To determine the grams of AgCl (s) precipitate produced, we first need to write and balance the chemical equation for the reaction between hydrochloric acid (HCl) and silver nitrate ([tex]AgNO_3[/tex]) that produces silver chloride (AgCl) precipitate:

HCl (aq) + [tex]AgNO_3[/tex]  (aq) → AgCl (s) + [tex]HNO_3[/tex] (aq)

From the balanced equation, we can see that one mole of [tex]AgNO_3[/tex] reacts with one mole of HCl to produce one mole of AgCl.
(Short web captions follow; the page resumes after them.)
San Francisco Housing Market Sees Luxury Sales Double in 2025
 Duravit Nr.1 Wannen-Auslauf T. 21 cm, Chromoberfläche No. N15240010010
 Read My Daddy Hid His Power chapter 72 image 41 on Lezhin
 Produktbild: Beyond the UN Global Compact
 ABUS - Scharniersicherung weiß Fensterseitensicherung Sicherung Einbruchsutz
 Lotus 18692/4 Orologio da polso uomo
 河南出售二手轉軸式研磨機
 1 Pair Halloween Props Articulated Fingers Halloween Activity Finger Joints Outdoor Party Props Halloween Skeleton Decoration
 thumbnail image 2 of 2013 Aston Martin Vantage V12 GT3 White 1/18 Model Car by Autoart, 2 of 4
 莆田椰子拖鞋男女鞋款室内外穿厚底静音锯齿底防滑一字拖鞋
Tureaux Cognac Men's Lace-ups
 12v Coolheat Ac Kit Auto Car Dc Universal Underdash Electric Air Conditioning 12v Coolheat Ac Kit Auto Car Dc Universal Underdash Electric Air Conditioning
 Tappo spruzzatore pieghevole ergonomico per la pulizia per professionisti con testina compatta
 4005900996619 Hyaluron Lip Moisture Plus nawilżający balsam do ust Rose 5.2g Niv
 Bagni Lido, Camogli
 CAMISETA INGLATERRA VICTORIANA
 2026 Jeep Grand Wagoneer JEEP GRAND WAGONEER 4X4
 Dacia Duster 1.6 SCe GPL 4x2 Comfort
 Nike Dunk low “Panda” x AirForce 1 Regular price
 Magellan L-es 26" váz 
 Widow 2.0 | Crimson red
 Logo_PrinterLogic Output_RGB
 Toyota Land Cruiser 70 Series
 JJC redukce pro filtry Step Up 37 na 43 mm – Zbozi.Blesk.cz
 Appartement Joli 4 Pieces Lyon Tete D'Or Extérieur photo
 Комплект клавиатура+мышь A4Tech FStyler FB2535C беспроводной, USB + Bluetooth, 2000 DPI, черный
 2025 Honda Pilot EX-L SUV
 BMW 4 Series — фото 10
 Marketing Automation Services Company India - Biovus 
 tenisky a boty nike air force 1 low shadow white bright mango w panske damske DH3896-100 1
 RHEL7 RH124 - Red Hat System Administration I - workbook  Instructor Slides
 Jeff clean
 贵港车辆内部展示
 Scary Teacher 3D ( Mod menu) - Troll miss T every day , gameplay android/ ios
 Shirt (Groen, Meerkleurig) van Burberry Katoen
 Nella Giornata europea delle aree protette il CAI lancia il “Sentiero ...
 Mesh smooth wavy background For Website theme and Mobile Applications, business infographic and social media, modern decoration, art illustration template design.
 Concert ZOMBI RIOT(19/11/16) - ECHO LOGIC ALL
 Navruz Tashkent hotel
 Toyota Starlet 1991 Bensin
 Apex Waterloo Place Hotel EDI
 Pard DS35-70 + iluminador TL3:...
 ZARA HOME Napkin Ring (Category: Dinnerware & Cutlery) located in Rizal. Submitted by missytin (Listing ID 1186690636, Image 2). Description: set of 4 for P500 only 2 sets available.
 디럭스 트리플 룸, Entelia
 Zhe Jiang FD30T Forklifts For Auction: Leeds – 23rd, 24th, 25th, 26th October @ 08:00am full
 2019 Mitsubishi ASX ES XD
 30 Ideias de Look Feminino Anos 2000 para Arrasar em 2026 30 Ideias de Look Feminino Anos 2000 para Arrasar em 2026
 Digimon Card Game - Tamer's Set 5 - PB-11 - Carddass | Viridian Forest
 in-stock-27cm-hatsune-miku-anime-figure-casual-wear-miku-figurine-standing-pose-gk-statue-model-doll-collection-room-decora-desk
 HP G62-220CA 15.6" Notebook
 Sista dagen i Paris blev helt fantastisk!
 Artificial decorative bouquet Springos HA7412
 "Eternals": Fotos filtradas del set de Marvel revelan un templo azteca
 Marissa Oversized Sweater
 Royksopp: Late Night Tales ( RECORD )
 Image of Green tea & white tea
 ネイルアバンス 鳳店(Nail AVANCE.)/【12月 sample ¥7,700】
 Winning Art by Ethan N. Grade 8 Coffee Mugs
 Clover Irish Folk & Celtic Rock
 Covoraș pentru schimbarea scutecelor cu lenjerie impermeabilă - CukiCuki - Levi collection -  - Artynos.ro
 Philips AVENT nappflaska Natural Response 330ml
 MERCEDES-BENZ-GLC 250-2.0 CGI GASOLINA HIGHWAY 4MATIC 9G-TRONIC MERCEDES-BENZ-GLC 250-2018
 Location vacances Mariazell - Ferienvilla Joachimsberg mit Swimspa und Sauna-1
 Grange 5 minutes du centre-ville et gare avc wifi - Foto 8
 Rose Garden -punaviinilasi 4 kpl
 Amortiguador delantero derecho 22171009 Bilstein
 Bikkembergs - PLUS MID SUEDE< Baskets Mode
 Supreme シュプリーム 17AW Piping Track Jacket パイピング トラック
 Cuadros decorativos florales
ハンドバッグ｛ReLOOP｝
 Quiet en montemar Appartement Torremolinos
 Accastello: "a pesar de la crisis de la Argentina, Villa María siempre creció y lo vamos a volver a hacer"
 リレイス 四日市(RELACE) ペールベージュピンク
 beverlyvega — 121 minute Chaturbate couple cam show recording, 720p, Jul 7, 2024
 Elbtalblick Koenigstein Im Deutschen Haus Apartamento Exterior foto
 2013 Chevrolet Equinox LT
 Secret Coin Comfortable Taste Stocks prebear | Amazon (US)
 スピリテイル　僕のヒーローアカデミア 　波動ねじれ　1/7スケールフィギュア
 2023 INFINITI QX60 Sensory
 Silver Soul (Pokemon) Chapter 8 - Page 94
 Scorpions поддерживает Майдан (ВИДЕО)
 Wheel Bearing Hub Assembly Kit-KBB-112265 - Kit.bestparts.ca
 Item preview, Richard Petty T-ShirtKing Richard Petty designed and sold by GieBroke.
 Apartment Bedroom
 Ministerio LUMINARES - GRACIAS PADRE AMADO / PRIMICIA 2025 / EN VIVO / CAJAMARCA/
To determine the limiting reactant in the reaction, we need to calculate the number of moles of each reactant:

moles of HCl = 57.49 g / 36.46 g/mol = 1.577 mol

moles of [tex]AgNO_3[/tex] = 98.20 g / 169.87 g/mol = 0.578 mol

Since [tex]AgNO_3[/tex] has fewer moles than HCl, it is the limiting reactant. This means that all of the [tex]AgNO_3[/tex] will be consumed in the reaction, and any excess HCl will be left over.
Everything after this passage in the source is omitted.